La rencontre avec l'histoire
La généalogie met la famille au premier plan mais elle est aussi un plaisir de l'esprit et un jeu intellectuel. Cette remontée dans le temps permet non seulement de retrouver les noms de ses ancêtres mais de les faire revivre dans le contexte historique, social et culturel de leur époque. Ainsi cette quête personnelle s'élargit sur tout autre chose et on y apprend souvent plus que dans nos livres de classe. Les métiers sont un bon exemple. La plupart d'entre nous descend de petites gens, des paysans, des savetiers, des échevins, des tabellions... Alors, on s'interroge sur certains métiers disparus. Derrière un mot comme manouvrier, on découvre que c'était celui qui, sous l'Ancien Régime louait sa force de travail. De même, on apprend que le marguillier, s'occupaient à la même époque de tout ce qui avait trait à la fabrique de la paroisse. Ce que je recherche, confirme Paul, c'est plus à retracer leur histoire qu'à retrouver ou prouver une quelconque lignée . Très vite, l'esprit de la recherche s'emballe. Il y a un côté détective qui cherche à reconstituer le puzzle, le bonheur de découvrir d'où l'on est issu et de reconstituer l'histoire du peuple, pas celle qu'on raconte dans les livres. Certains d'ailleurs s'éloignent parfois du but initial et se mettent à dépouiller alors systématiquement les contrats de mariage, inventaires après décès, partages et autres actes et finissent ainsi par avoir une notion assez précise de la vie quotidienne et du niveau de vie de l'époque étudiée.

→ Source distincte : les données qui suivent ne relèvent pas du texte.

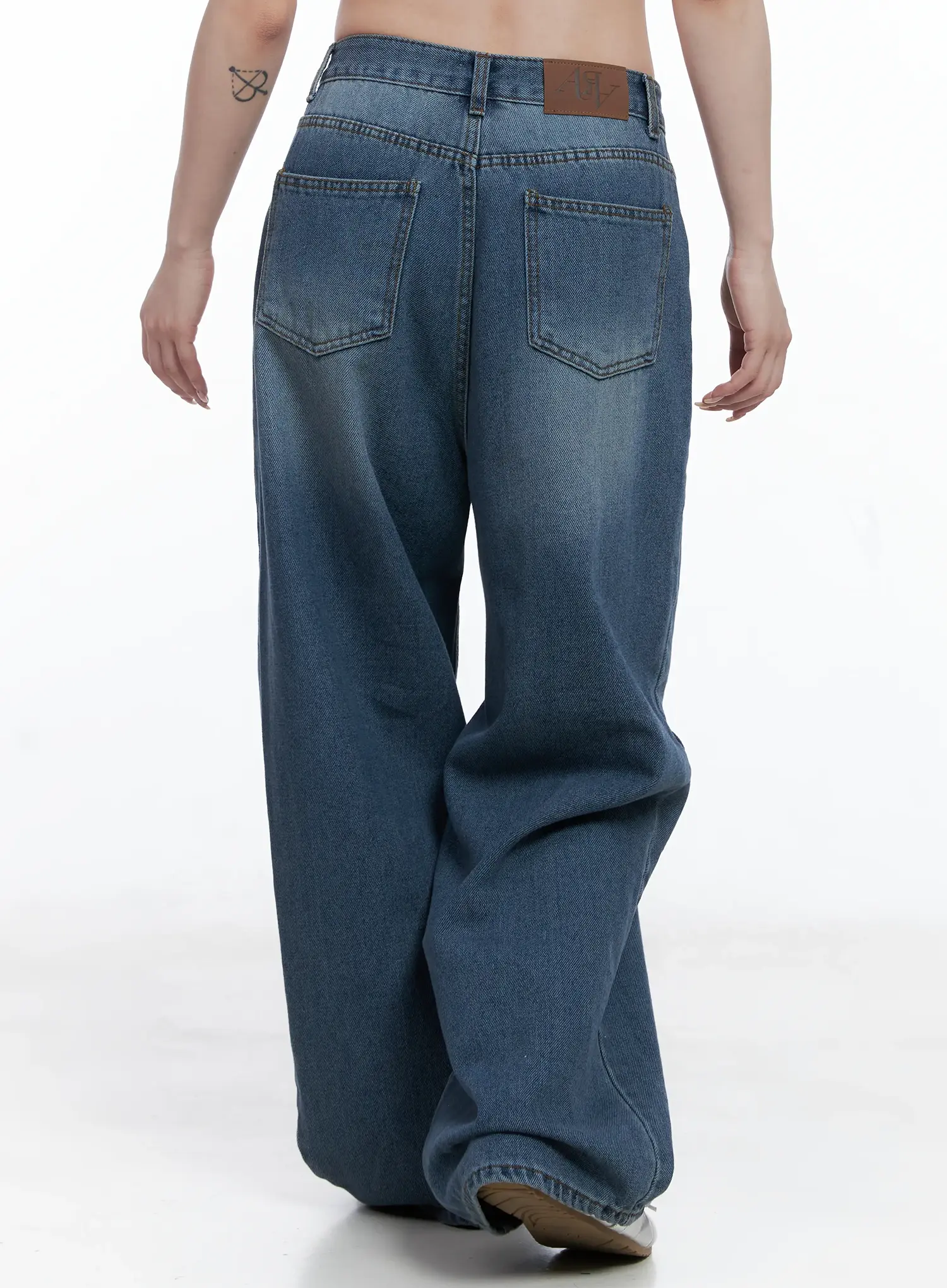 Margot Low-Rise Washed Wide-Leg Jeans CS501 - Image 6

C'est aussi l'occasion de réviser l'histoire comme Yvonne dont les parents étaient de la région de Ypres en Belgique. Elle a découvert qu'elle avait eu un très lointain ancêtre espagnol au temps de Charles Quint. Rien d'étonnant, explique Yvonne qui s'est penchée depuis sur les Flandres du XVIe siècle, puisque cet empereur né à Gand était aussi roi d'Espagne. J'ai compris d'où venaient les cheveux frisés et bruns de mon frère alors que dans la famille nous sommes tous blonds avec des cheveux lisses. L'interprétation ne ferait peut-être pas l'unanimité chez les hommes de l'art mais peut-être que cette explication génétique est exacte.

La quête de racines
Je pense que pour beaucoup, il s'agit de retrouver des racines et des repères à notre époque où le monde évolue à toute vitesse , analyse Stéphanie. Dans ce monde en plein bouleversement, à l'heure où les familles se font et se défont pour un oui ou un non, où les gens s'expatrient pour des raisons économiques et où les métissages sont de plus en plus nombreux, la quête des ancêtres donne une assise. L'homme est comme un arbre, disait le Père Caro, prêtre assomptionniste, pour tenir debout, il faut qu'il ait des racines. Ainsi, si l'on sait d'où l'on vient, c'est plus facile de savoir où l'on va. On peut se situer dans une trajectoire sinon on n'est rien d'autre qu'un électron libre, sans référence. La recherche de mes ancêtres m'a permis d'aller vers les vivants, précise Eric. Que de personnes rencontrées, de cousinages et d'amitiés grâce à ces recherches. D'ailleurs, une nouvelle sorte de fête se répand, les cousinades. Le principe? Réunir toutes les ramifications de la descendance familiale, c'est à dire tous les cousins et les cousines, même très éloignés. La rencontre est joyeuse. On se réjouit d'avoir des cousins du bout du monde, on s'émeut de se découvrir la même fossette, le même menton... Et on ressent une énergie nouvelle et une joie profonde à se sentir une appartenance.